Ils vous diront qu’il suffit de travailler fort à l’école, d’être motivés, de croire en soi, mais ils n’ont pas eu l’enfance café-misère, haillons et pêche au marigot. Ils n’ont pas connu les rations ou la vie d’un unique repas par jour. Ils n’ont pas été à l’école publique entassés à trois sur une table banc bourrées de germes. Ils n’ont pas vécu le fait de partager un trou sans option vidange avec plus de 30 autres personnes en guise de toilette publique durant plusieurs années. Ils n’ont pas eu les sans-confiance comme chaussures toutes saisons.
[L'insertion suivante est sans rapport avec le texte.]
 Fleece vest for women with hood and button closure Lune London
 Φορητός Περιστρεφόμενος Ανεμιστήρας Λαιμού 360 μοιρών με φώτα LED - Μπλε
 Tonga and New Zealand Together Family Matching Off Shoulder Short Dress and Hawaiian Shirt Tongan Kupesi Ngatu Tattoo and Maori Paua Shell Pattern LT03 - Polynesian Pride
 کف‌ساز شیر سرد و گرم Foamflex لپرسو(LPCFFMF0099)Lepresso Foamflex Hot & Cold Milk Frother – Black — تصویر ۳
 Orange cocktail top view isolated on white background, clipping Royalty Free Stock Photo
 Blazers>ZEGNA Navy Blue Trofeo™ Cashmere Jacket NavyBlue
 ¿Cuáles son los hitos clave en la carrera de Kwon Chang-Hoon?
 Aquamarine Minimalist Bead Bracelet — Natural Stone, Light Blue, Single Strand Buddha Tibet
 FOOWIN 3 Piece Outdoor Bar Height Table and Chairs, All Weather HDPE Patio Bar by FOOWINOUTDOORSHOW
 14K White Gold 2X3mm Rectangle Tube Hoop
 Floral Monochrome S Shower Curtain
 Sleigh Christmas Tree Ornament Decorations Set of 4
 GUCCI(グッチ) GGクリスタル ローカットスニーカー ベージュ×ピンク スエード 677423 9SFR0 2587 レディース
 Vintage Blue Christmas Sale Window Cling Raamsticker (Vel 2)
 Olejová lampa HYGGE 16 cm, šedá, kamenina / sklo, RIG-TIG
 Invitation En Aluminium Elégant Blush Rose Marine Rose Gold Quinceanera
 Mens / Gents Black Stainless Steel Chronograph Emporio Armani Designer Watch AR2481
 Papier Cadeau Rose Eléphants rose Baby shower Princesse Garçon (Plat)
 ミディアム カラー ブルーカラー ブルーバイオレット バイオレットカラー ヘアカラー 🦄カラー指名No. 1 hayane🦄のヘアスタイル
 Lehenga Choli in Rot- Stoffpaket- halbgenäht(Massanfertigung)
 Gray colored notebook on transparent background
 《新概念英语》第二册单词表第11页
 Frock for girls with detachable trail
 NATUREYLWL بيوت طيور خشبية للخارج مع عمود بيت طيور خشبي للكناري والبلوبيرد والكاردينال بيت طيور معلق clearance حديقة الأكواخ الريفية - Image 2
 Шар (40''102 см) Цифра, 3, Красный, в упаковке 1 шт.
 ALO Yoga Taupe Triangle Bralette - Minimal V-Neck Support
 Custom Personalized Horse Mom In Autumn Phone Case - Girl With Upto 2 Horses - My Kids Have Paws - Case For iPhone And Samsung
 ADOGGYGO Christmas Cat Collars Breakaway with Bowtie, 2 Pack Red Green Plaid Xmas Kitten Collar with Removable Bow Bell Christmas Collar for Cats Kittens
Ils n’ont pas vécu la tristesse des parents quand approche Noël et les anniversaires.

Ils n’ont pas marché du neuf-étages jusqu’aux bas-fonds des mapanes de Louis à l’âge de 6 ou 7 ans pour se rendre ou revenir de l’école. Ils n’ont pas habité dans des maisons en tôle ou semi-tôle ou séjourné dedans en plein mois de mars. Ils n’ont pas vécu dans des maisons en planche, semi-planche, en dur sans peinture ou semi-dur, éloignées de la route ou du sentier boueux qu’on confond à une route ou risqué l’érosion qui fait dire aux imbéciles heureux : «Qui leur a dit d’aller habiter là hein! Kiéééé ! Eux-aussi, c’est se mettre en danger cadeau !!!», comme si le choix avait soudainement cessé d’être un luxe.

En fait, ceux qui choisissent pour la plupart la neutralité n’ont aucune idée de ce que c’est de naître dans la pauvreté, de partir du fond du baril, de suivre la télé chez les voisins parce qu’on a pas chez soi l’électricité à longueur d’années ; de puiser l’eau à la pompe publique, parce qu’on n’a même pas les moyens d’avoir un robinet. Ils ne savent pas ce que c’est de ne connaître personne, de n’avoir aucun parent bien né ou bien placé, de devoir évoluer en partant de rien dans un pays extrêmement riche sans justice et sans équité.

«La vie est dure, le destin s’en écarte, on n’est pas nés sous la même étoile», mais le Gabon est un pays trop, bien trop riche pour qu’on cesse de dénoncer les exactions commises pour camoufler que ce sont toujours les mêmes qui ont des facilités et que ce sont toujours les mêmes qui vivent en passant de difficultés en difficultés, qui doivent patauger dans la misère, éclaboussés par le luxe qui nous pend tous au nez. Un luxe qui n’est réservé qu’à cette poignée d’humains qui écrit des lois, créent des règles, instituent leur propre vision, leur confort et leur standing de vie, comme une norme à respecter et à encourager.